Pity it won't be used though. Can't expect everyone to appreciate one's logic, I guess  : \
0
 
käµfm³d 👽Commented:
Good luck Terry and Ray...  I'm hanging up the gloves  = )
0
 
Ray PaseurCommented:
@kaufmed: Spot on.

@areyouready344: Computer programming is an activity that requires clarity of thought and precision in execution.  You have to get the ideas into data and code in a way that will behave predictably.  In this matter, PHP is not your friend at all because it is highly permissive of sloppy programming and it hides important things from the programmer, such as accidental reliance on undefined variables.  If PHP is your only programming language you might want to consider studying something a little more structured.  And don't be impatient with yourself as you learn.  Rome was not built in a day.  This article explains what you are up against.
http://norvig.com/21-days.html

Anyway, you've gotten some working answers and hopefully some good ideas about how this kind of thing is usually done when time is money and accuracy matters.  Best of luck with your project, ~Ray
0
 
Ray PaseurCommented:
Me, too.  Over and out, ~Ray
0
 
Terry WoodsIT GuruCommented:
kaufmed, I agree that a replace is probably a more elegant solution, and avoids mucking around with an array as a result. The author didn't seem comfortable to change much from his original code though - either will work in the long run.

I often feel it's overkill with 2-3 experienced experts working on the same problem, but thanks to my timezone I'm not awake to answer most of the EE questions, so I have to be pretty competitive to pick up some points (even if it feels like I'm butting in on another expert's progress at times!)... on the positive side though, the competition sharpens both my technical skills and my ability to interpret and explain. So thanks, to you and Ray!
0
 
areyouready344Author Commented:
The name of this webstie says Expert so I was hoping an expert can look at the problem from my point of view.

When I use the following code below it works:


preg_match("/(?:\d+\.)?\s*test1?\s*(.*)-(.*)/",$string,$matches);
echo $matches[1] . " " . $matches[2];

against this line:

1. test1 dkdkd- dkdkd

output:

dkdkd- dkdkd

Why when I use this code below it does not work? The only difference is I don't use the () around test1 in the above example and use
it in the example below.

preg_match("/(?:\d+\.)?\s*(?:test1)?\s*(.*)-(.*)/",$string,$matches);

output is:

test1 dkdkd- dkdkd

Why is test1 is being displayed in the second example?


0
 
Terry WoodsIT GuruCommented:
In your first piece of code, with the ? after test1, the ? makes the 1 optional so that test or test1 would be matched.

The second piece of code makes the entire test1 optional, but doesn't capture it.
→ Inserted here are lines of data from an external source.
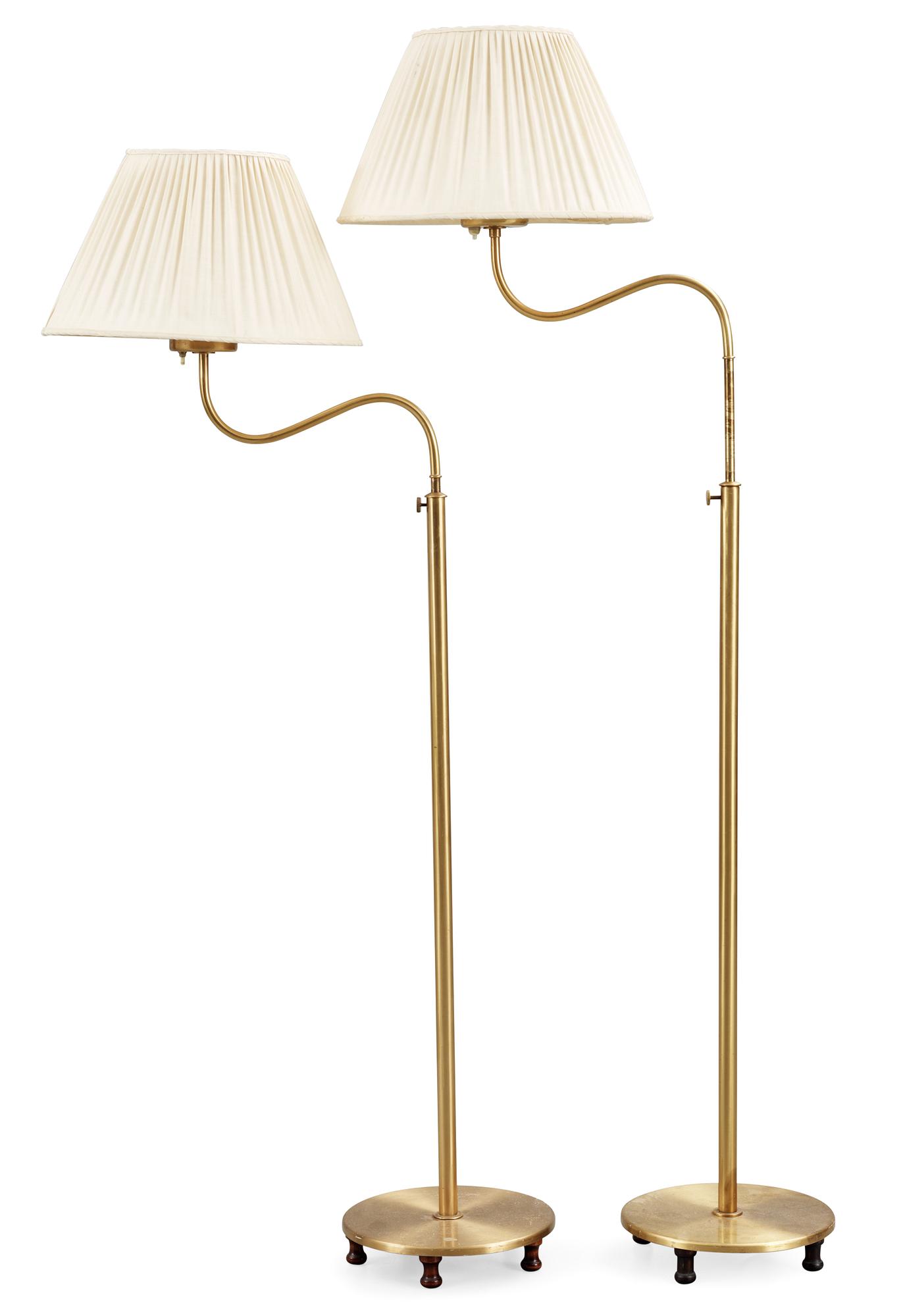 Two Josef Frank brass floor lamps, Svenskt Tenn, model 2568.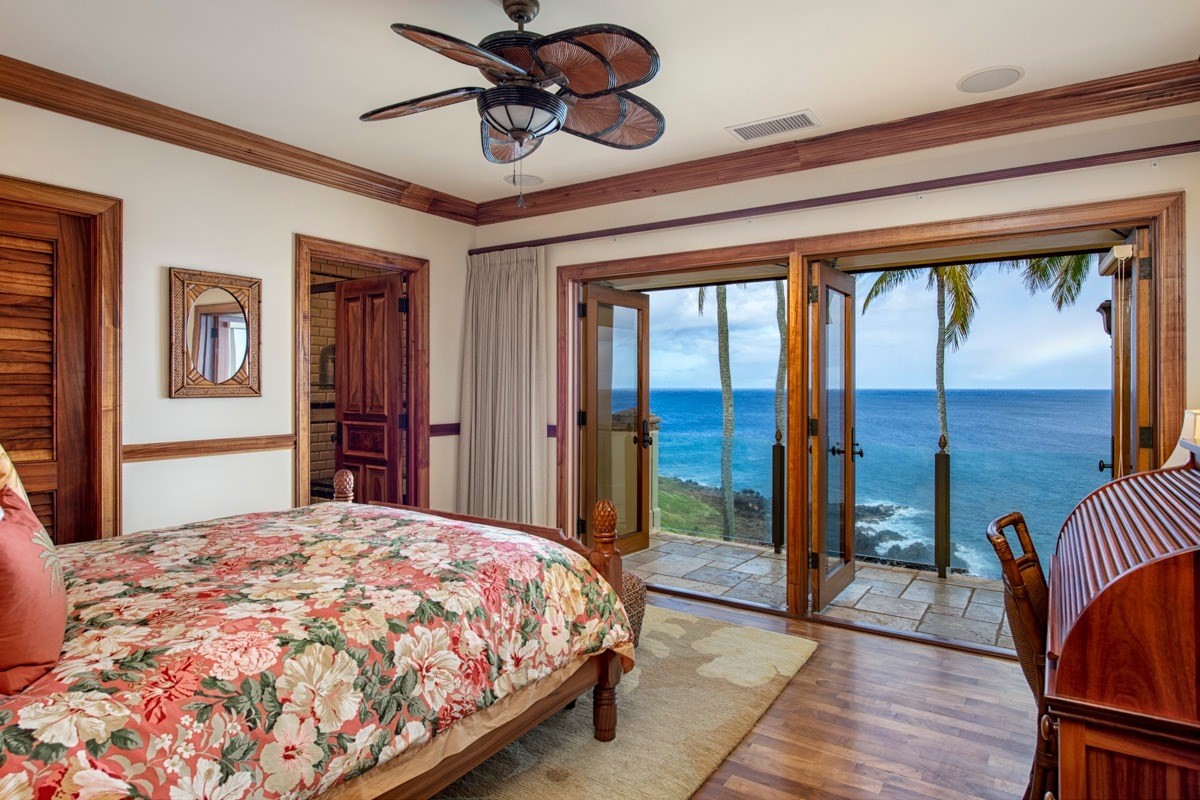 56-3083 Puakea Bay Road Kamuela, HI 96743 - Photo 23 of 30 a bedroom with a large bed and a chandelier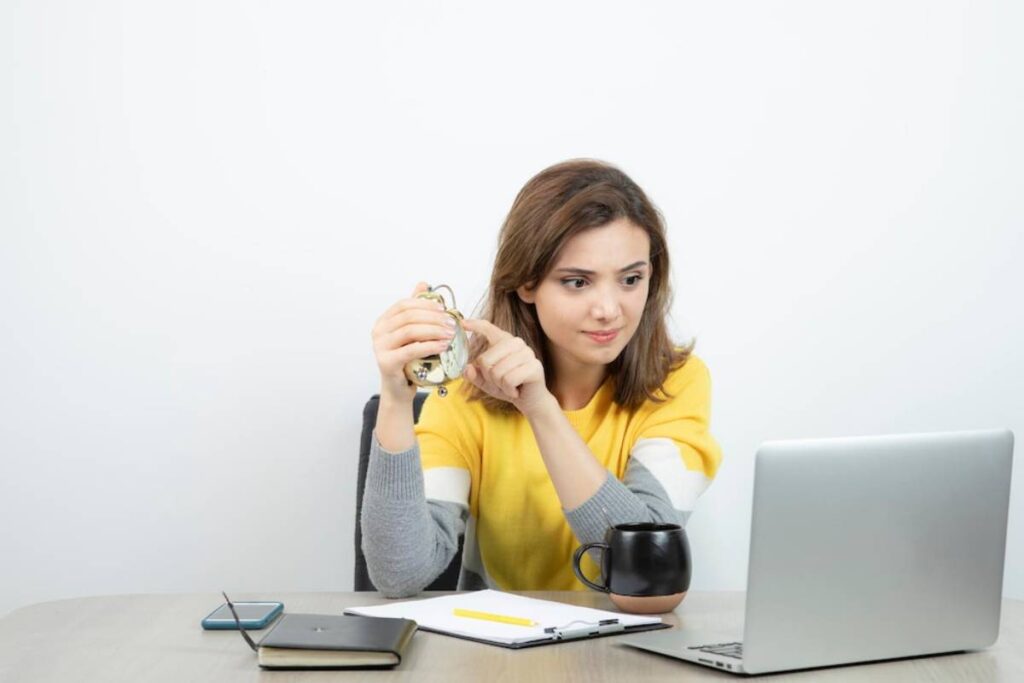A person in a yellow sweater sits at a desk with a laptop, holding an alarm clock and surrounded by a notebook, phone, and coffee cup.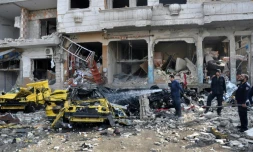 Des Syriens au milieu des dĂ©combres le 21 fĂ©vrier 2016 Ă Al-Zahraa un quartier de Homs oĂč 59 personnes ont Ă©tĂ© tuĂ©es dans des attentats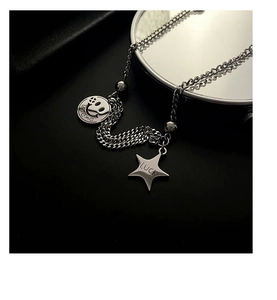 Close-up of titanium steel necklace with silver smile face and star pendants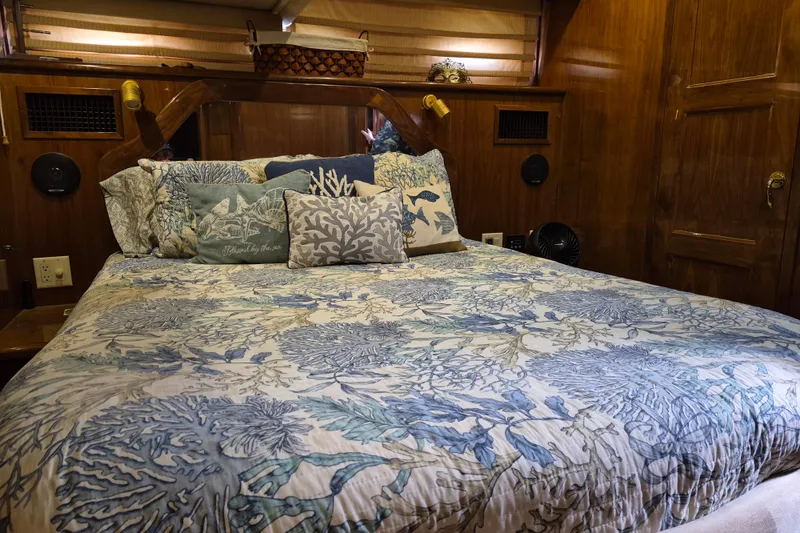 Slide: The Image of Cozy bedroom in 2003 Navigator Californian Veneti yacht with nautical-themed bedding. - 49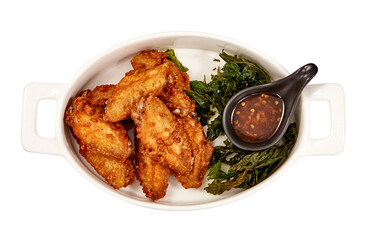 Top view of Crispy Fried Chicken wings with Crispy Basil Leaves and Chicken dipping sauce (sweet) isolated on white background. popular appetizers.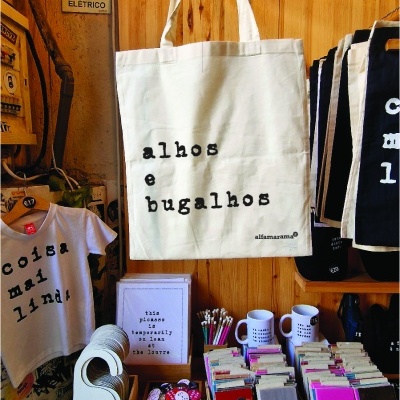 Saco de tecido branco com texto, t-shirt branca com texto e vários produtos artesanais em bancada de madeira.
I just retested that second piece of code with your given example, and it works fine for me - test1 is not displayed. Can you please retest? If it still fails, then is it possible there is a special (invisible) character included in the string?
0
 
käµfm³d 👽Commented:
@TerryAtOpus
The author didn't seem comfortable to change much from his original code though - either will work in the long run.
You and I both know this site is as much about deciphering what problems are as it is posing solutions to said problems. The only things that frustrate me here are when people don't clearly express themselves and when someone ignores a potential solution without so much as questioning the logic or why it may be better or worse than one's own approach--or even saying, "hey, I need to do it this way because [fill-in-the-blank]." I have zero problem with explaining any of my posts; I often neglect an explanation because I find often times people just want a "get-er-done" approach rather than a "teach a man to fish" approach. I know Ray's seen this; I'd have trouble believing you haven't seen it. If someone doesn't understand my approach, all I request is they ask me to explain. Since all of us here are volunteers (i.e. we don't get paid), I think it's a small price to pay to say, "Hey, I didn't quite understand why you went that way. Would you mind clarifying for me?" Also, I LOVE being called out when my logic is incorrect. It gives me a chance to learn from my mistakes...  and I'm wrong quite often. Hell, you've corrected me on a number of occasions, and I love you that much for it (totally platonic, I assure you). I'm here to learn just as much as I am to teach.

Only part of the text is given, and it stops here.